Testing with my local VSP using “within-VSP” calling showed that the HT802 had an interoperability issue where it could receive calls made using a softphone (CSipSimple) from another account on the same VSP with two way audio, but if the HT802 initiated the call, there would only be one way audio. A bit of troubleshooting later, it was determined this was because the VSP was using “reINVITE” to avoid media-relaying, and this means that once the call signalling has established a call, both ends are asked with an INVITE to “update” the call so it goes directly between the two parties and doesn’t involve the VSP. It seems that the HT802 seems to prefer UPDATE rather than INVITE, so setting the “Force Invite” feature fixes this problem and allows for reliable two-way audio. Of course, this is also dependent on all your “upstream infrastructure” (i.e. router, modem, firewall) being correctly configured (e.g. fixing RTP ports, port forwarding RTP ports and SIP ports to ensure direct IP-calls can be received).
It was at this point of testing that I proceed to grab out the data modems for some fax action. Unfortunately, some quirks were found. As Australia is an A-law country, the defaults of U-law are not appropriate. Configuring the codec list to prefer A-law over U-law, and then using passthrough mode and not T.38 resulted in call failures through my primary VSP.
The call failures were rather interesting, as the call proceeds normally until a fax tone is detected, and then silence occurs. From a packet capture, it seems that in passthrough mode with my VSP, the VSP’s gateway detects the fax tone and attempts to reinvite the HT802 in a more appropriate mode. The HT802 then somehow decides to choose U-law. This results in an asymmetric media condition, where the audio in one direction is in A-law, and the other is in U-law, and the HT802 then “becomes silent”.

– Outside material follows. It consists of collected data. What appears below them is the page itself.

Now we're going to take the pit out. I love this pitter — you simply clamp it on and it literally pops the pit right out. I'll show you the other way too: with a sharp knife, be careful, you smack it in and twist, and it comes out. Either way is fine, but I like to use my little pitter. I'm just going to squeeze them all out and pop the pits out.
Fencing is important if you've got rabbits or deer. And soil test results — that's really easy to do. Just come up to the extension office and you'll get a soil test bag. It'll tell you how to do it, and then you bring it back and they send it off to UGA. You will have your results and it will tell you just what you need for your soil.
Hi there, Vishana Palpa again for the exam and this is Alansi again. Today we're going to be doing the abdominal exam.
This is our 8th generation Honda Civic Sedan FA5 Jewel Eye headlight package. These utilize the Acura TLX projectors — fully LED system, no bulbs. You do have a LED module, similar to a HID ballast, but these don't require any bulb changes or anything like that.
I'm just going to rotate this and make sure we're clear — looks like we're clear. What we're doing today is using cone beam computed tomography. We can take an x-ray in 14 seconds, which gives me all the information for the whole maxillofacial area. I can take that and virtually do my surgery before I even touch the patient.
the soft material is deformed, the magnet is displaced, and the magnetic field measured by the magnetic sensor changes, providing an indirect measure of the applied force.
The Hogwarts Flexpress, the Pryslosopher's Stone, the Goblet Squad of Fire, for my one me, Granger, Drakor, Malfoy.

In fact, in further testing, it seems the HT802 doesn’t like asymmetric media conditions – even if that means the ptime on one direction is 20ms, and on the other is 10ms. This always results in the HT802 “going silent”.

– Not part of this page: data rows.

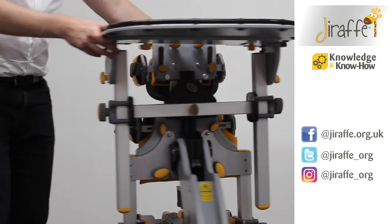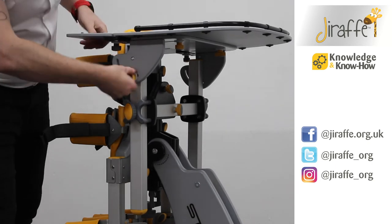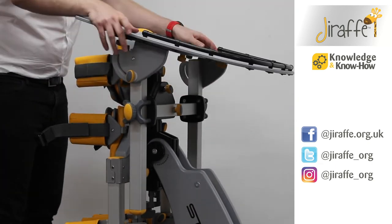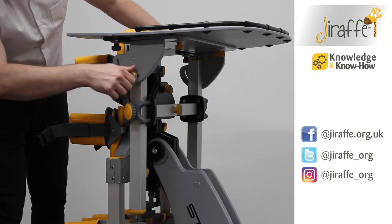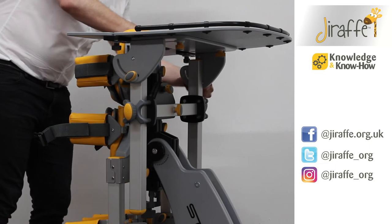We're also able to adjust the tray angle. If we loosen the wing knob on the side of the tray we're then able to angle the tray however we might need it. Once we've found the desired angle we can then tighten the wing knobs either side.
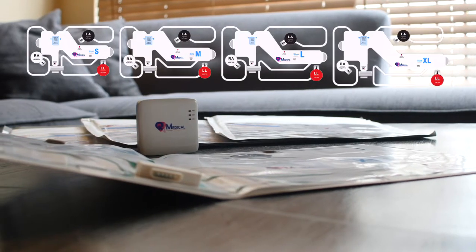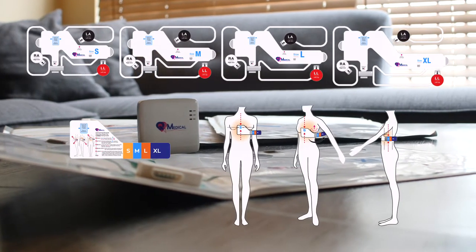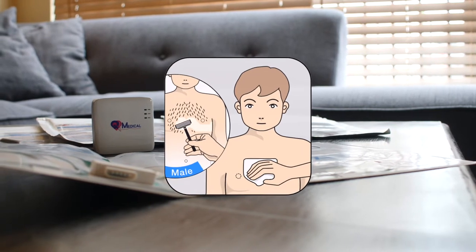To do an ECG test, first determine the appropriately sized electrode strip. Refer to the video titled Sizing Guide. For men with hairy chests, please shave hair along the indicated area.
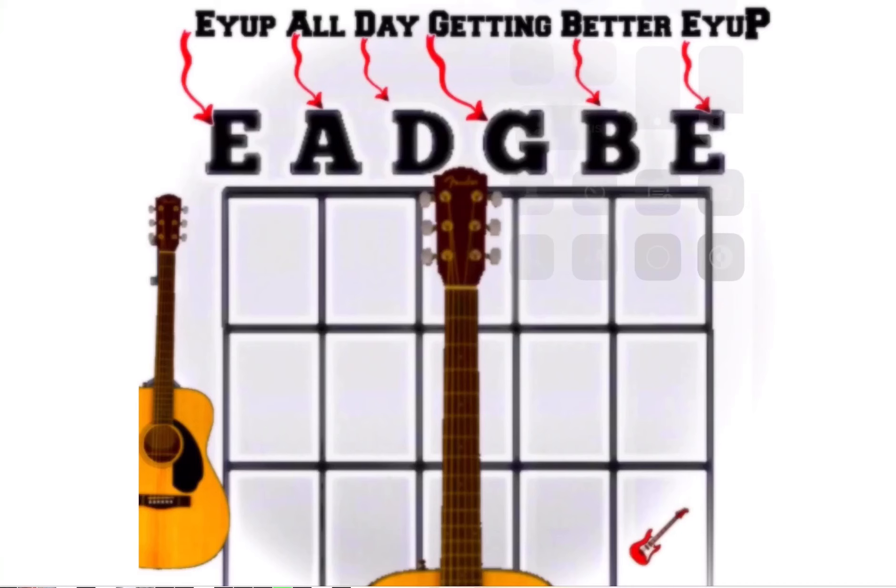Hello, this is just a hint to help remember the six strings of a standard tuned guitar: E A D G B E.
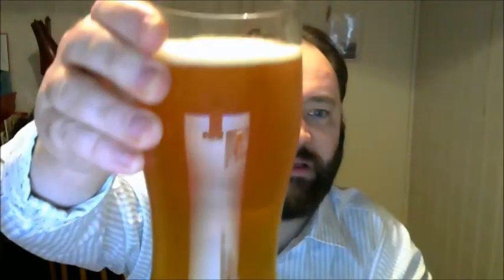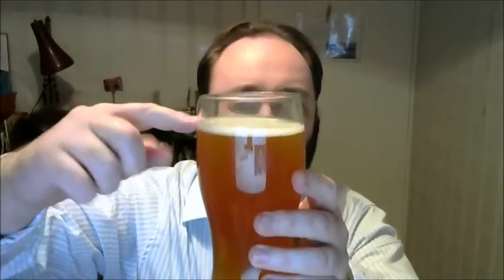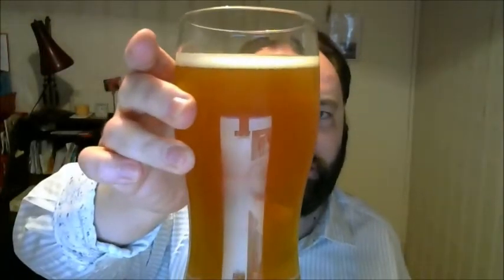Yeah, a little bit cloudy — can just about see through it. Quite nice carbonation; look at those bubbles. Head forming — not really, I'd say about a quarter of a finger. But yeah, nice colour. Sort of amber colour.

This is fixed, however, if you choose U-law as the first priority, and A-law as the second, which results in a proper fax pass-through call with my VSP, but then it would screw up all your voice calls. Even more curious is that this interoperability issue does not occur using my internal Asterisk + Digium Free Fax for Asterisk line. That line negotiates the codecs in the right order every time. As a result, your mileage may vary.
Of course, if your VSP supports T.38, it’s pretty stupid not to use it for faxing, since it improves your fax success rates rather dramatically. In the case of the HT802, the T.38 implementation seems to be quite solid, reliably picking up the fax tone and sending out “well framed” packets. It was happy to work T.38 with both VSP and my local Asterisk box with no flaws.
As I wanted to better understand the match and quality of the line codec, I needed to do pass-through fax testing. Using FOLDS-B, it was determined that a Tx setting of -4dB and an Rx setting of -10dB was optimal (default is 0/-6). Testing of the frequency response and signal levels were based an Australian region modem (Netcomm Roadster II) and a lot of calls (about AU$4).
The result is actually quite good – although there is some high frequency roll-off visible, it is not as severe as the other ATAs I’ve previously used. A good result all-over.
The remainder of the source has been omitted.